Collins emphasized the meetings were not an orchestrated effort to sell the idea to the public, only to explain the work of the Zoning Advisory Committee and consultant Gannett Fleming to develop a document designed to shape and manage future growth.

At each of the public education sessions, maps and information displays will be set up to detail the proposed zoning districts, which range from industrial to rural residential.

In an overview of the districts on Thursday, Gannett Fleming's Dick Koch said adult entertainment uses, defined as adult bookstores, theaters, cabarets and massage parlors/studios, would be limited to the industrial district-zoned areas of the county.

A map of the proposed zoning districts shows high density and industrial development generally limited to areas around the City of Martinsburg and elsewhere in the county along W.Va. routes 9, 45 and 51, U.S. 11 and Interstate 81.

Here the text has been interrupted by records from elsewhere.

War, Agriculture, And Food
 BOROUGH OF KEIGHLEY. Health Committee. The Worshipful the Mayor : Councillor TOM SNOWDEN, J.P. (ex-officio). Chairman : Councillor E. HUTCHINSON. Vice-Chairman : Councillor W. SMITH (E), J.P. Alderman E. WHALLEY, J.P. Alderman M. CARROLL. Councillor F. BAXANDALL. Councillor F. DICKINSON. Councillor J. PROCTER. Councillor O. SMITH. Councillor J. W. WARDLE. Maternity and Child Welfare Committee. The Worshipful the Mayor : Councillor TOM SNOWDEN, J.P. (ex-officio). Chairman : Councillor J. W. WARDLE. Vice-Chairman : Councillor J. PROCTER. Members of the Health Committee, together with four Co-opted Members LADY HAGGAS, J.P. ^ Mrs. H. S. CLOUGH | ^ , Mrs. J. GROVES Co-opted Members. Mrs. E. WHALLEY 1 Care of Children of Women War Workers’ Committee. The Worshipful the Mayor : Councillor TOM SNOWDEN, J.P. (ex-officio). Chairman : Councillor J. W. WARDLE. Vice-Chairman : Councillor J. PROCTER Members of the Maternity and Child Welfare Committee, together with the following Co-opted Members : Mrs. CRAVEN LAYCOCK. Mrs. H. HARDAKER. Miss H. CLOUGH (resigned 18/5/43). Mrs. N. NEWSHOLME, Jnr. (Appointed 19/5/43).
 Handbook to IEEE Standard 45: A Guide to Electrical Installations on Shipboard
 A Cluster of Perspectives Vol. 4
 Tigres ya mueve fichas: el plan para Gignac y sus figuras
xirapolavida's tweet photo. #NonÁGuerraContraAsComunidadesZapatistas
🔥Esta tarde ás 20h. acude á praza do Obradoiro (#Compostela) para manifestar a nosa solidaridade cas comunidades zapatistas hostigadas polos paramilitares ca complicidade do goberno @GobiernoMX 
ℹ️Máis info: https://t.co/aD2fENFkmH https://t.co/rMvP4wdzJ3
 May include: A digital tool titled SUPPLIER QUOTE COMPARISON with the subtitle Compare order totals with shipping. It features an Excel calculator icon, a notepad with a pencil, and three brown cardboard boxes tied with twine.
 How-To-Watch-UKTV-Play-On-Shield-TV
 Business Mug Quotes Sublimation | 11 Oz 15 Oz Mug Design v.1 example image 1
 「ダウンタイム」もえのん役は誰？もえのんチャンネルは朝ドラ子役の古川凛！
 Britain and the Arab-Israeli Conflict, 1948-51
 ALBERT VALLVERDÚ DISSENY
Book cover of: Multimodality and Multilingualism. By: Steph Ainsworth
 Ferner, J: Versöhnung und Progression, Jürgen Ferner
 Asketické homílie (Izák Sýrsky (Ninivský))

Areas proposing the most restrictions on development under the rural residential district appear to be generally in the southwestern and far northeastern regions of the county.

Slightly more than 40 percent, or 81,148 acres of the county, is in a rural residential-zoned district, which still allows for agriculture, single-family detached dwellings, campgrounds, stables, churches, greenhouses and recreation, among other "permitted uses," according to the map's legend.

To ease the potential financial limitations placed on such a rural district, county officials expect the transferable development rights ordinance to allow restricted property owners there to essentially be allowed to "sell" their potential money-making opportunity to a developer in a district that could more readily allow a project.

The zoning ordinance also has supplemental regulations on signage, including billboards, temporary and permanent signs and nonconforming uses, Koch said.

Existing nonconforming structures and signage are generally "grandfathered" and not affected by the zoning ordinance, Koch said.

But instances of nonconforming use could eventually be eliminated, if for example, an adult entertainment business is abandoned for 12 consecutive months. The structure would then lose its grandfather rights, according to the ordinance.

Koch said if the zoning ordinance is adopted by the voters, the county's planning department would be charged with registering the nonconforming uses already in existence to protect property owners' rights.

"Good luck staff, that's a big job," Koch said.